In a policy statement published today (October 28), the Financial Conduct Authority confirmed it had removed some of the barriers that had stopped so-called mortgage prisoners from finding a cheaper mortgage deal than the one they were on.
This was in line with the new affordability rules proposed in its consultation earlier this year which will allow lenders to carry out a ‘modified affordability assessment’ for mortgage prisoners, providing they are up to date with their mortgage payments, do not want to borrow more money, and are looking to remortgage rather than move home.
Instead of requiring lenders to look at whether consumers can afford a new mortgage policy by using stress testing, income checks and expenditure analysis, under the new rules they will only have to check the new policy has a lower total expected cost and lower interest rate than the current mortgage.

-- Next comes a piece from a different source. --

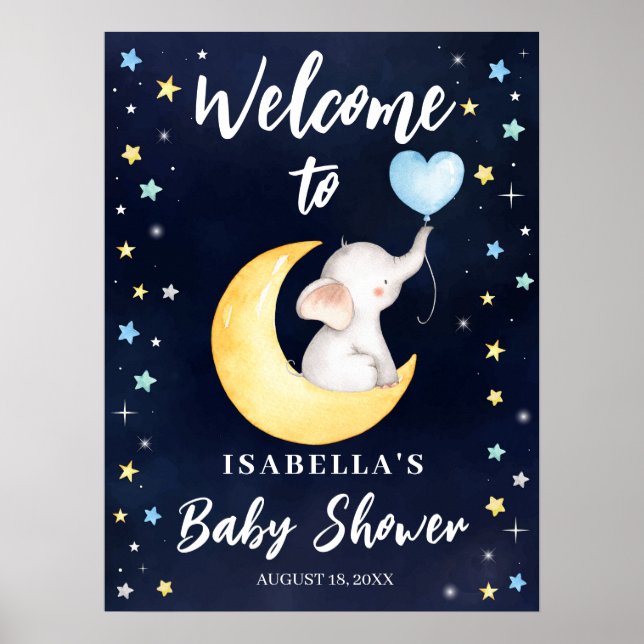 Póster Sobre el Baby Shower del Elefante Galaxy de la Lun (Frente)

But the FCA went a step further, adding a condition to the rules which allow mortgage prisoners to borrow more money in order to fund advice fees.

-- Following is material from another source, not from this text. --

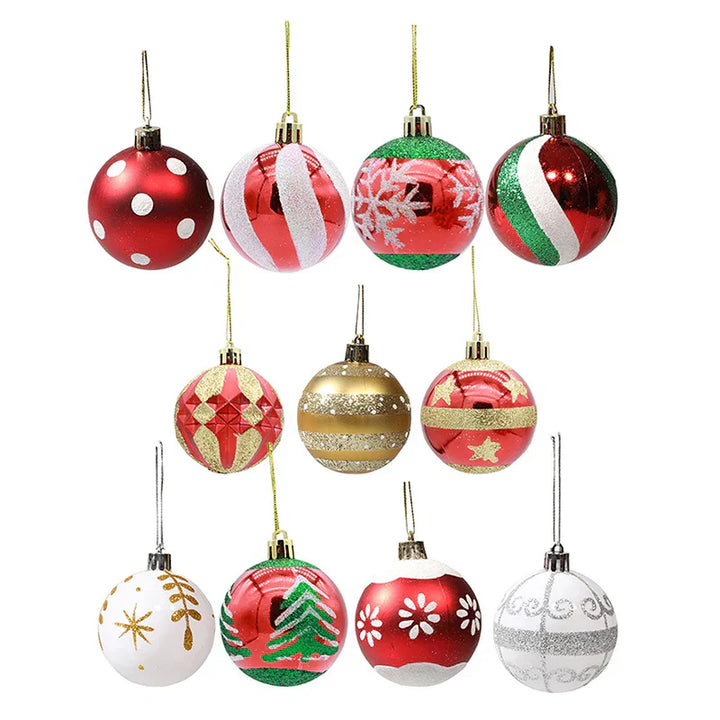 Elegant Snowflake Christmas Baubles Set – High-quality Christmas ornaments in red, white and gold, perfect for festive tree decoration at Christmas | Bowlift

This means consumers can ensure they switch to a suitable policy and do not have to stump up the cost for this advice as a lump sum but can split it over their mortgage term.

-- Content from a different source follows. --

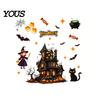 Static Cling Halloween Set Glass Sticker, Window Clings, Reusable Electrostatic Decals, Haunted Decoration House Stickers for Doors Windows,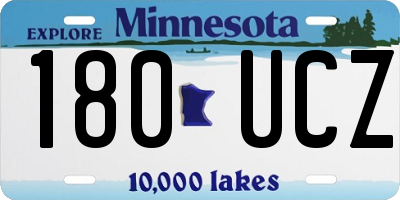 MN license plate 180UCZ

The consumers these new rules apply to are those that find themselves locked in their mortgage when they could potentially get a cheaper deal elsewhere, often dubbed mortgage prisoners.
This concerns predominantly consumers who took out a mortgage before the financial crisis but are now blocked from switching due to stricter lending rules, or because their loan was sold to an inactive lender.
Such consumers were previously often told by lenders they could not afford the new deal under the lending rules despite the new policy having cheaper monthly payments than their existing one and the borrower having continually paid off their monthly bill and stayed out of arrears.
Today the FCA also enforced rules which mean inactive lenders and unregulated entities must review their customer books and contact consumers that might fall into the mortgage prisoner category..
These include customers of old Northern Rock and Bradford & Bingley loans, which were bought by the government as part of a rescue package after the financial crash but later sold on to unregulated firms.
Christopher Woolard, executive director of strategy and competition at the FCA, said: “Responsible lending is hugely important, and unaffordable borrowing is a cause of significant harm.
“Mortgage prisoners are often stuck on more expensive mortgages. We are removing barriers to switching in our rules and we would like to see firms make changes to their own processes quickly in order that customers can benefit as soon as possible.”
How to handle mortgages held by unregulated entities became a sticking point for the FCA in recent years and in June the regulator’s chief executive Andrew Bailey to the Treasury select committee the watchdog was "taking seriously" the option of extending its regulatory perimeter to help such mortgage prisoners.